POPOレベルはさすがにすごい大変だと思うけど、渋谷乙なんかはライブ終演後はお酒半額だしチケットなくてもその金額で飲めるっていうのやっててこれが結構いい。それくらいならどのハコでもできるじゃないですか。ビール600円は高いって。


4.Webサイトどうにかしろ

これが一番言いたいことかも。ライブハウスのウェブサイトってどうして揃いも揃ってあんなにインターネット黎明期なんですか。音楽コンテンツなのに音が流れてこない。バンドのサウンドクラウドやyoutube貼ってあげるとかすればいいのに、っていつも思う。

あ、ノルマ制や都内のチケット相場が2000円なのは理解できててそれは悪いとは思ってません。それよりはライブハウスに来たくなる仕組みを作って欲しいです。

客に言いたい

嫌なものは嫌と断れ

実はこれに尽きると思ってるんですよね。なんでみんなすぐに断らず回答濁して当日にドタキャンするんだろうねw

バンドマンから誘われると「あ〜、友だち付き合いもあるし…いかないとなあ…Facebookにもいいねしないと関係悪くなりそう」とか思ってるのかな。だからダメなんだよ。お前の大切な二時間と2000円を燃えるゴミにする必要はない。はっきり言ってあげてください。

んで、本当に行きたいと思ったらその時に正規の金額を払ってライブハウスに行ってみてください。ライブハウスは実はめっちゃ面白いところです。

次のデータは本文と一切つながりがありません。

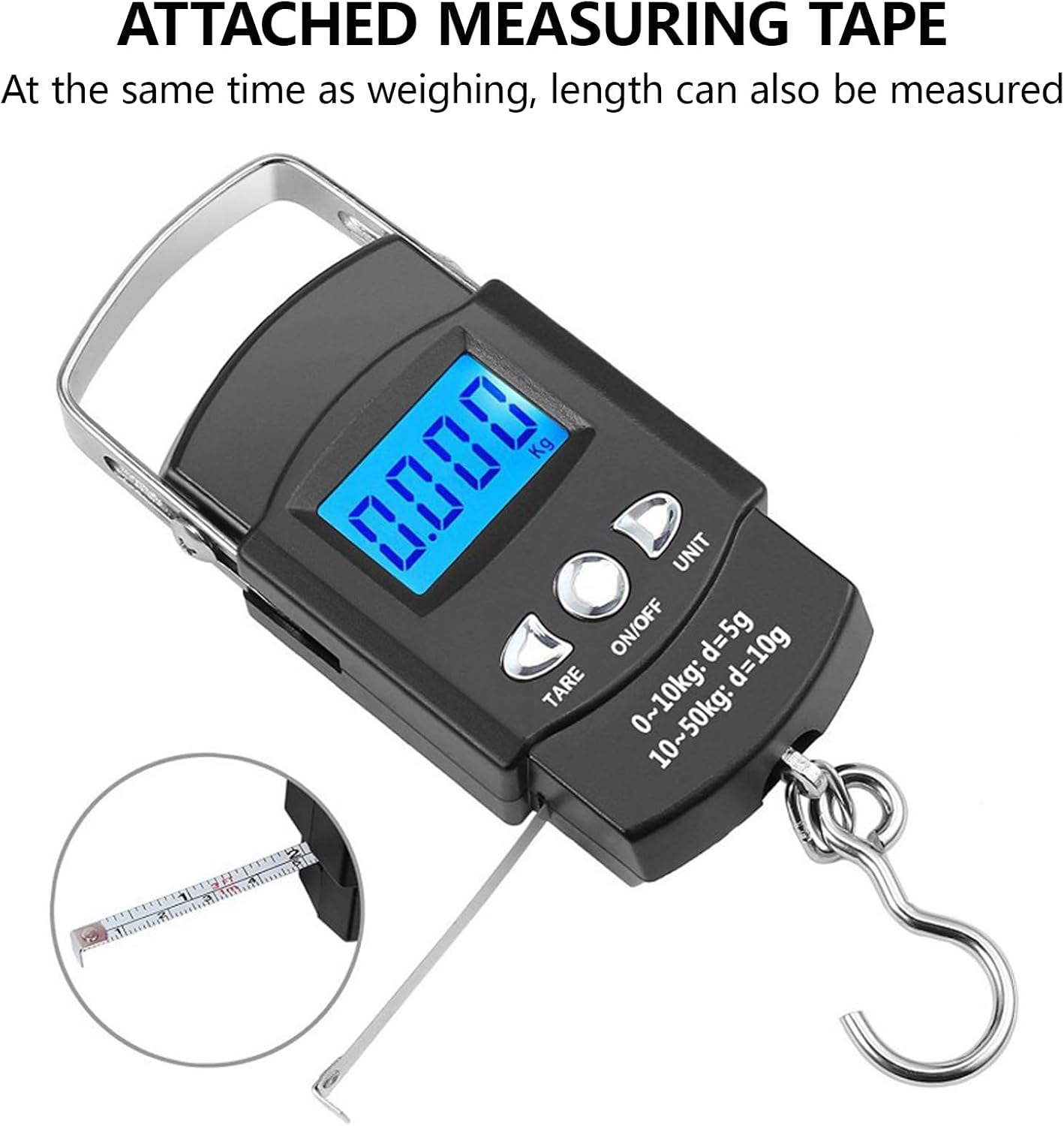 Portable Luggage Scale Electronic Weighing Digital Scale Fishing Hanging Hook Scale Tool Fishing for Men Women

いろんな人がいて、デカイ音が鳴ってて超気持ちいい場所で、お酒や食事が美味しいところも多い。コストを払ってその分楽しもうと思えば十分楽しめます。たぶん職場の愚痴飲み会に参加して4000円とか払うよりは数倍楽しいです。そういう楽しみ方を覚えてください。


って所なのかな!あー文章長いしおにぎり食べたくなってきたからそんじゃーね!